*REQUIREMENT*.
Going line by line through the records below, write out everything starting with the line containing "Adidas Black Suede Slip-On mules" and going on through the line containing "Christmas Tree Doodles", exactly and inclusively. Pictures do not go in.

*EXTRACTED INFORMATION*.
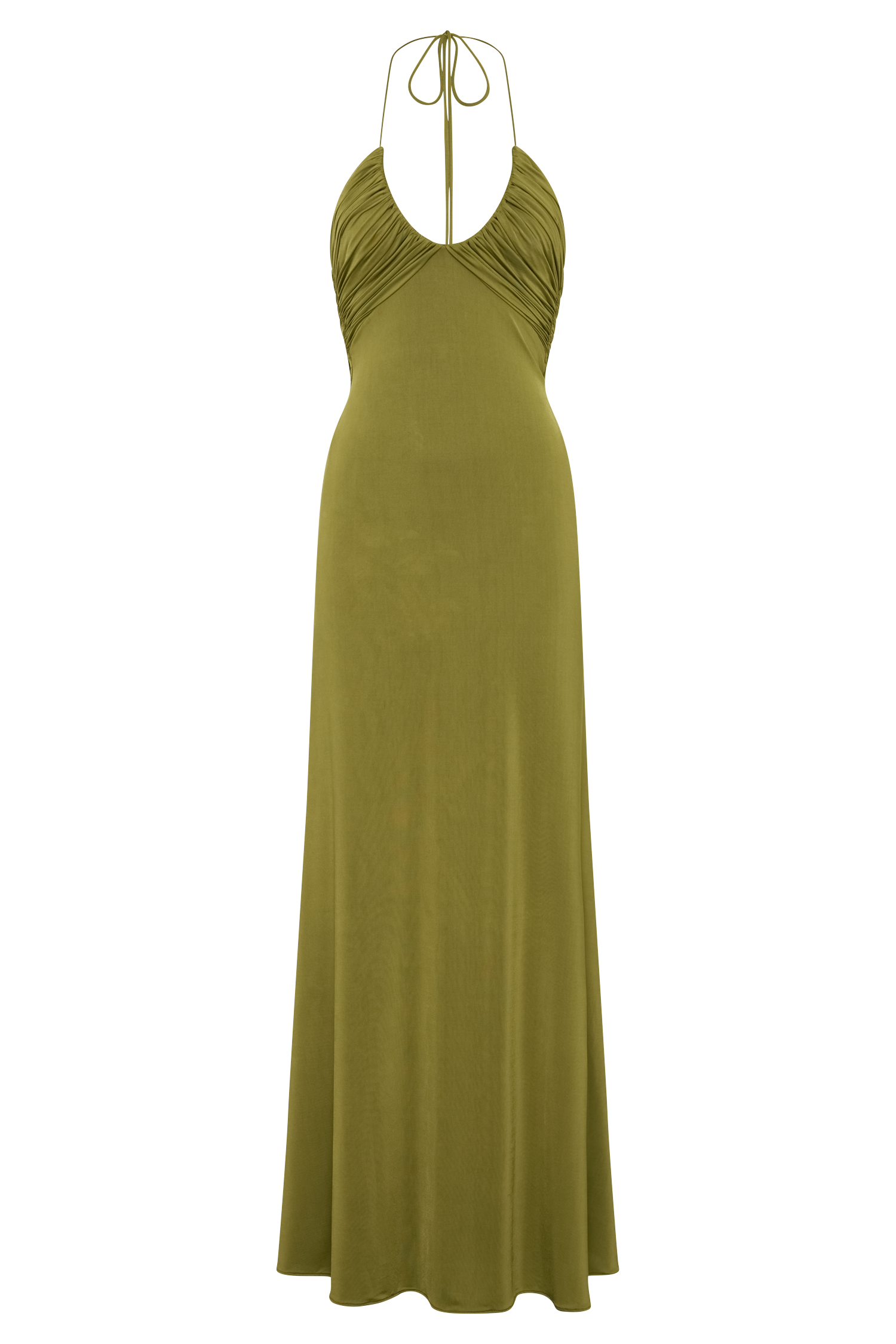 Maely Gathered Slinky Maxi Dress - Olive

...

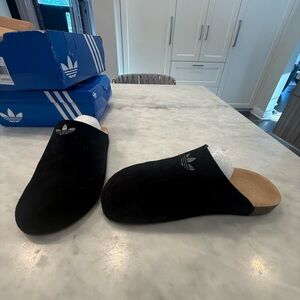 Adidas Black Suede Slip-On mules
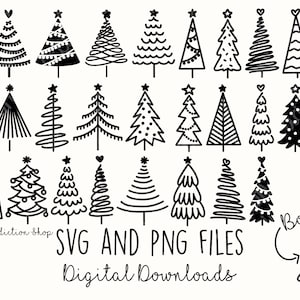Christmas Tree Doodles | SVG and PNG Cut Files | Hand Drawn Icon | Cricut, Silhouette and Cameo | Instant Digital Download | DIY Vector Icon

...

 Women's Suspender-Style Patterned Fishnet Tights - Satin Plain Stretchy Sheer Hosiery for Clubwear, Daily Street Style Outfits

*EXERCISE OUTPUT*.
 Adidas Black Suede Slip-On mules
Christmas Tree Doodles | SVG and PNG Cut Files | Hand Drawn Icon | Cricut, Silhouette and Cameo | Instant Digital Download | DIY Vector Icon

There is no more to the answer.